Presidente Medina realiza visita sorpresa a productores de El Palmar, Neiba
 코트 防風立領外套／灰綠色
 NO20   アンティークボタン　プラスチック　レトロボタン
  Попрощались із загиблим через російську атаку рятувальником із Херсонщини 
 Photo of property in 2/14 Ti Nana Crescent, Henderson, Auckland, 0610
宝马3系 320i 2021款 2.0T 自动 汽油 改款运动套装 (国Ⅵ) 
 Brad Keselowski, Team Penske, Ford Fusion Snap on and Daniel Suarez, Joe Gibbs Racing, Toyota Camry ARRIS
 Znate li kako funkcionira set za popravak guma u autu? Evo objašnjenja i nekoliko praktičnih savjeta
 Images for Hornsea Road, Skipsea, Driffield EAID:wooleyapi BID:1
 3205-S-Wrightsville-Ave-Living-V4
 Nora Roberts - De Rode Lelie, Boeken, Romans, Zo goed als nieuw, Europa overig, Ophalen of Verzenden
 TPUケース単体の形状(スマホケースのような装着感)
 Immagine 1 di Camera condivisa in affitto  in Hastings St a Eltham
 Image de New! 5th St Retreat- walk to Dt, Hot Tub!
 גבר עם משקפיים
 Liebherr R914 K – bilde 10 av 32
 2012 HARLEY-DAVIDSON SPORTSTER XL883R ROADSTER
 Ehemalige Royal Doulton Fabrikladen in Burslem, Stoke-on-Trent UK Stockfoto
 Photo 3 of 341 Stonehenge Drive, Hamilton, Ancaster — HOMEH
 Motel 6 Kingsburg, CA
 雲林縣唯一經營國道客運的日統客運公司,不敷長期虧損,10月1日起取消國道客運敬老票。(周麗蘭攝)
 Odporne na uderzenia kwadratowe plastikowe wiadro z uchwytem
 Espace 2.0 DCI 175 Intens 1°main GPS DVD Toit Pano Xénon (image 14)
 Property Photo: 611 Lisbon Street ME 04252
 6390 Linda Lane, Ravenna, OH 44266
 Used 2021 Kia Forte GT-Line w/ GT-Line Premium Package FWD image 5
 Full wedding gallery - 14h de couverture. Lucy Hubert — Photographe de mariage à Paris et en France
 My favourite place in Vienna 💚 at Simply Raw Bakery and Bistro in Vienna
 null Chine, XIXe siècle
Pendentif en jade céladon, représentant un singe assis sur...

☆ ☆ ☆ ☆ ☆ ☆ ☆

— PROBLEM —
Would you transcribe, exactly, the lines running from the one that contains "Ehemalige Royal Doulton" through the final line of the listing above? Include both ends and nothing else.

— SOLUTION FOR THIS PROBLEM —
 Ehemalige Royal Doulton Fabrikladen in Burslem, Stoke-on-Trent UK Stockfoto
 Photo 3 of 341 Stonehenge Drive, Hamilton, Ancaster — HOMEH
 Motel 6 Kingsburg, CA
 雲林縣唯一經營國道客運的日統客運公司,不敷長期虧損,10月1日起取消國道客運敬老票。(周麗蘭攝)
 Odporne na uderzenia kwadratowe plastikowe wiadro z uchwytem
 Espace 2.0 DCI 175 Intens 1°main GPS DVD Toit Pano Xénon (image 14)
 Property Photo: 611 Lisbon Street ME 04252
 6390 Linda Lane, Ravenna, OH 44266
 Used 2021 Kia Forte GT-Line w/ GT-Line Premium Package FWD image 5
 Full wedding gallery - 14h de couverture. Lucy Hubert — Photographe de mariage à Paris et en France
 My favourite place in Vienna 💚 at Simply Raw Bakery and Bistro in Vienna
 null Chine, XIXe siècle
Pendentif en jade céladon, représentant un singe assis sur...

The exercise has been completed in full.